INPUT DATA:
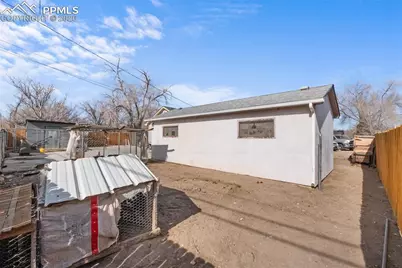 2034 E 11th Street, Pueblo, CO 81001 - Photo 29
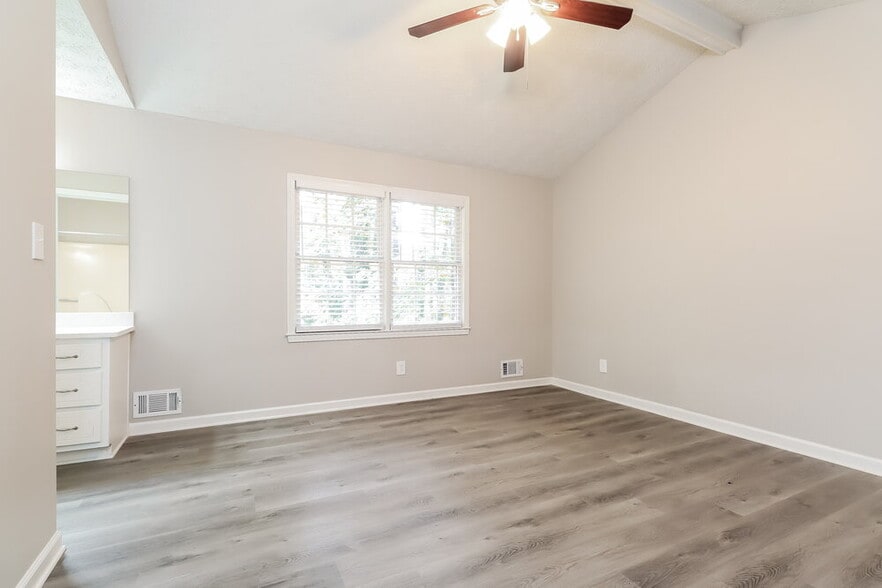 Building Photo - 1609 Sugar Plum Dr SW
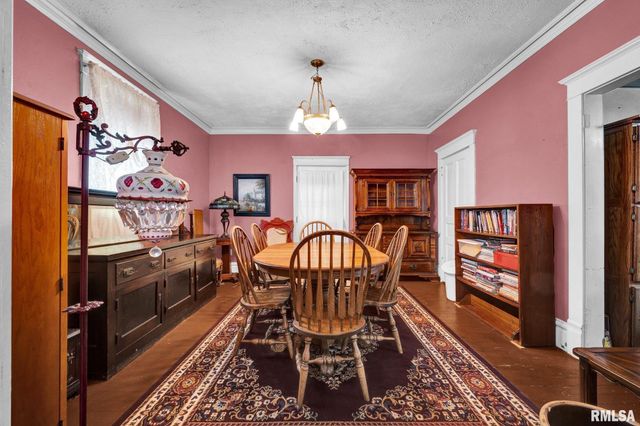 1219 N 4TH Street, Chillicothe, IL 61523
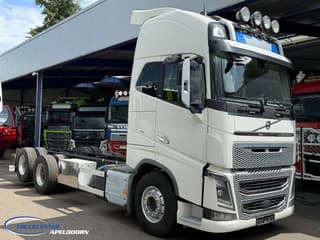 Volvo 750 - Thumbnail 1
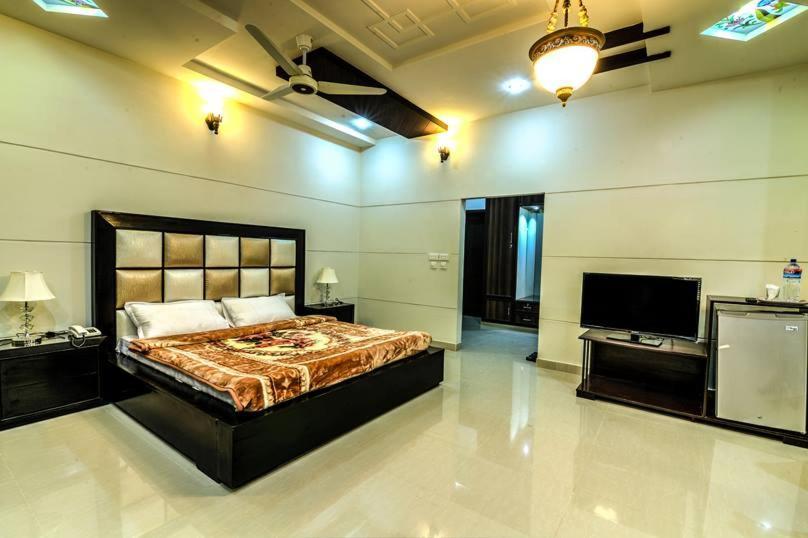 Midway Hotel & Restaurant Sadiqabad Экстерьер фото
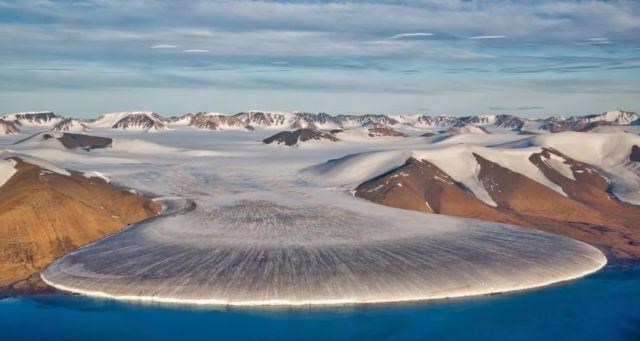 冰盖 格陵兰岛冰盖大规模融化，或影响着“全世界”，保护环境意义重大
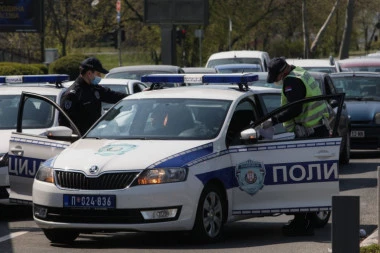 KAO NA FILMU! Policija ga privela, on počeo da beži iz stanice! A ONDA JE POTEGNUTO ORUŽJE!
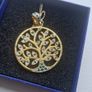 gold pendant Image 5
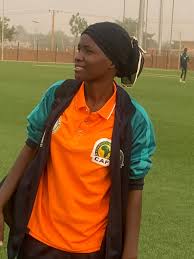 habsatou-rabo-mato-entraineur-de-football-un-engagement-sans-faille-pour-le-developpement-du-football-feminin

YOUR TASK: Would you copy out, exactly and with no pictures, only the lines above from the one that contains "1219 N 4TH Street, Chillicothe, IL 61523" through the one that contains "gold pendant Image 5"?

TASK SOLUTION:
 1219 N 4TH Street, Chillicothe, IL 61523
 Volvo 750 - Thumbnail 1
 Midway Hotel & Restaurant Sadiqabad Экстерьер фото
 冰盖 格陵兰岛冰盖大规模融化，或影响着“全世界”，保护环境意义重大
 KAO NA FILMU! Policija ga privela, on počeo da beži iz stanice! A ONDA JE POTEGNUTO ORUŽJE!
 gold pendant Image 5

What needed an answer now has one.